* ### String Manipulation Functions
  * Case Conversion - `lower`,  `upper`
  * Getting Length -  `length`
  * Extracting substrings - `substring`, `split`
  * Trimming - `trim`, `ltrim`, `rtrim`
  * Padding - `lpad`, `rpad`
  * Concatenating string - `concat`, `concat_ws`
* ### Date Manipulation Functions
  * Getting current date and time - `current_date`, `current_timestamp`
  * Date Arithmetic - `date_add`, `date_sub`, `datediff`, `months_between`, `add_months`, `next_day`
  * Beginning and Ending Date or Time - `last_day`, `trunc`, `date_trunc`
  * Formatting Date - `date_format`
  * Extracting Information - `dayofyear`, `dayofmonth`, `dayofweek`, `year`, `month`
* ### Aggregate Functions
  * `count`, `countDistinct`
  * `sum`, `avg`
  * `min`, `max`
* ### Other Functions
  * `CASE` and `WHEN`
  * `CAST` for type casting
  * Functions to manage special types such as `ARRAY`, `MAP`, `STRUCT` type columns
  * Many others

In [0]:
# DATE FUNCTIONS

# to_date(), to_timestamp() - converts strings to dates/timestamps
# Very convienient.

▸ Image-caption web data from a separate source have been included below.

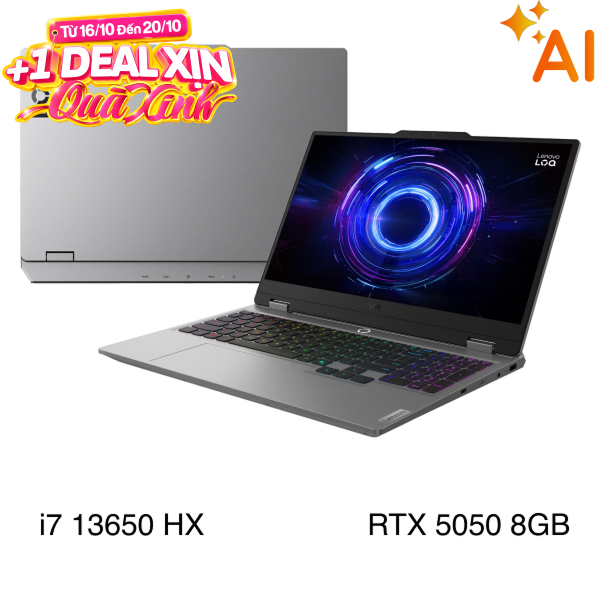 Laptop Lenovo Gaming LOQ 15IRX10 - 83JE00PEVN (i7 13650HX, 16GB, 512GB, RTX 5050 8GB, Full HD 144Hz, Win11)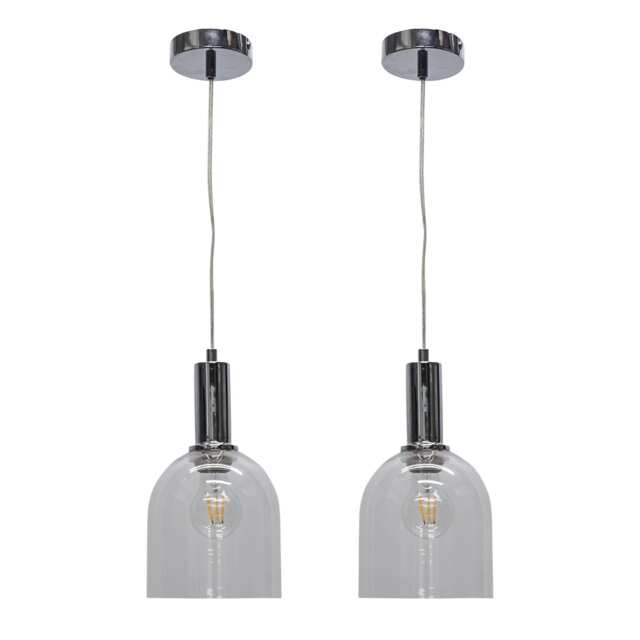 Set of 2 Belten - Clear Glass Cloche Chrome Deco Pendant Fittings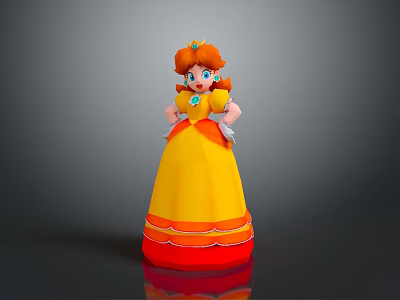 3D Princess Character in Yellow Dress with Orange Hair White Gloves and Crown 3d model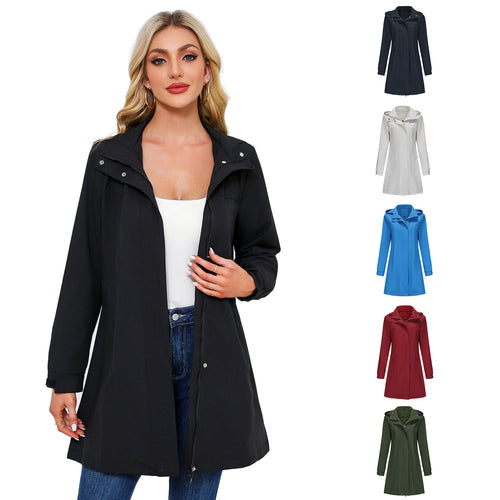 Functional transitional jacket for women with adjustable hood and practical pockets Lune London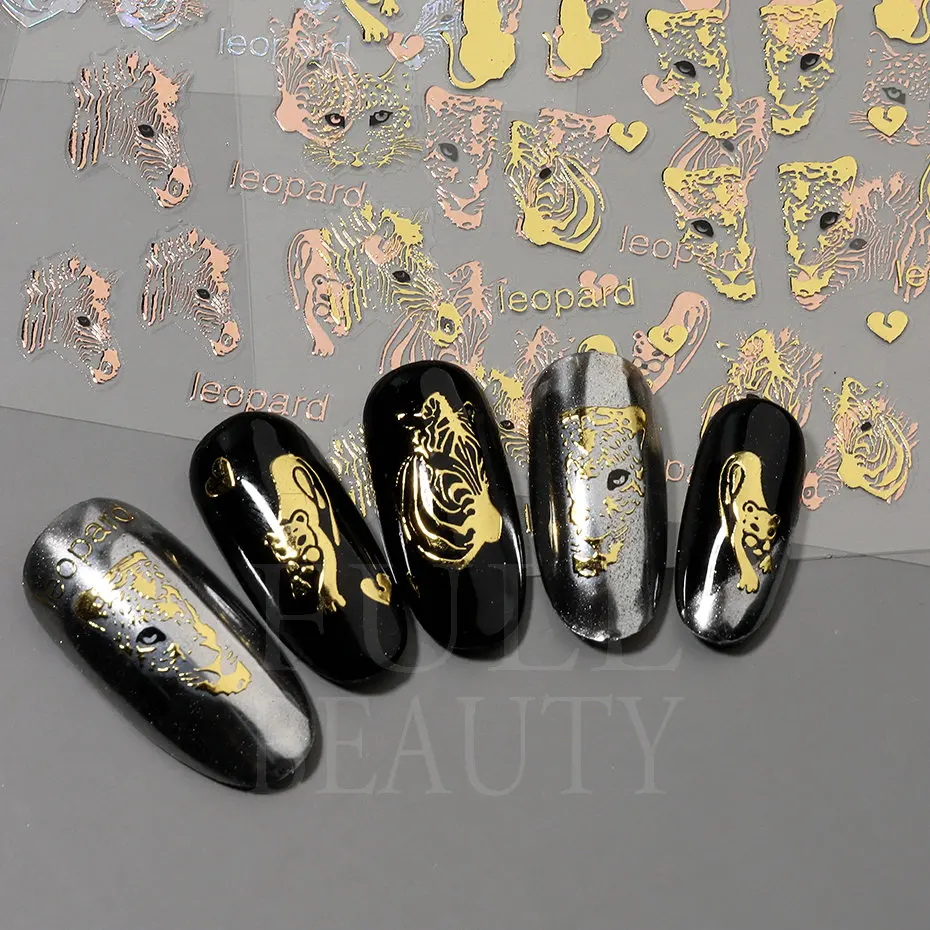 The Leopard Tiger Nails Stickers 3D Bronzing Rose Gold Black Zebra Wildlife Prints Manicure Sliders Nail Art Decoration #BTF-S08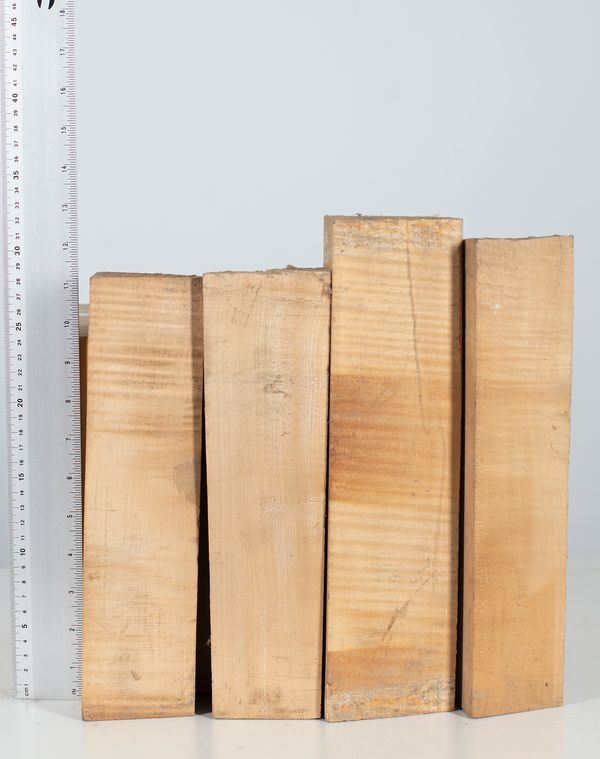 Four violin neck blanks, maple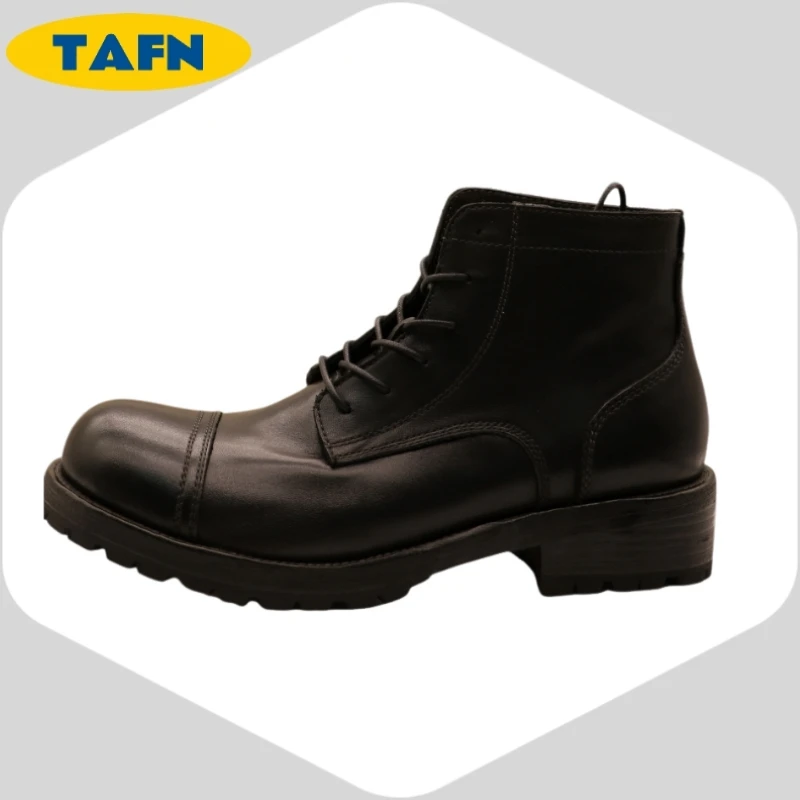 Beautiful Simple Platform Boutique 25 Old Style Casual Washed Big Toe Leather Boots Fashionable Temperamental All-Match A032904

We can provide strings in almost any format.
df.select(to_date(lit('20250418'), 'yyyyMMdd').alias('to_date')).show()
df.select(to_timestamp(lit('20250418: 1940'), 'yyyyMMdd: HHmm').alias('to_timestamp')).show()


# date_format()
# Convienient way to change format of dates
datetimesDF \
    .withColumn("date_ym", date_format("date", "yyyy_MM")) \
    .withColumn("time_ym", date_format("time", "yyyyMM")) \
    .withColumn("date_dt", date_format("date", "yyyyMMdd::HHmmss")) \
    .withColumn("date_ts", date_format("time", "yyyyMMdd HH\mm-ss")) \
    .show(truncate=False)

In [0]:
# FILLING NULL VALUES

employeesDF.fillna(0.0).show()  # All floats
employeesDF.na.fill('Empty').show()  # All strings
employeesDF.na.fill('Empty', 'last_name').na.fill(0.0, 'salary').show()  # Specific strings and floats

In [0]:
# CASE/WHEN

employeesDF. \
    withColumn(
        'bonus', 
        expr("""
            CASE WHEN bonus IS NULL OR bonus = '' THEN 0
            ELSE bonus
            END
            """)
    ). \
    show()

employeesDF. \
    withColumn(
        'bonus',
        when((col('bonus').isNull()) | (col('bonus') == lit('')), 0).otherwise(col('bonus'))
    ). \
    show()

In [0]:
# DROPPING COLUMNS

orders.drop("order_status")

cols_to_drop = [col('order_id'), col('order_date')]
orders.drop(*cols_to_drop)


# DROPPING ROWS

orders.distinct()
orders.dropDuplicates(['order_date', 'order_customer_id'])

orders.na.drop(how='any', thresh=3, subset=['order_date', 'order_customer_id'])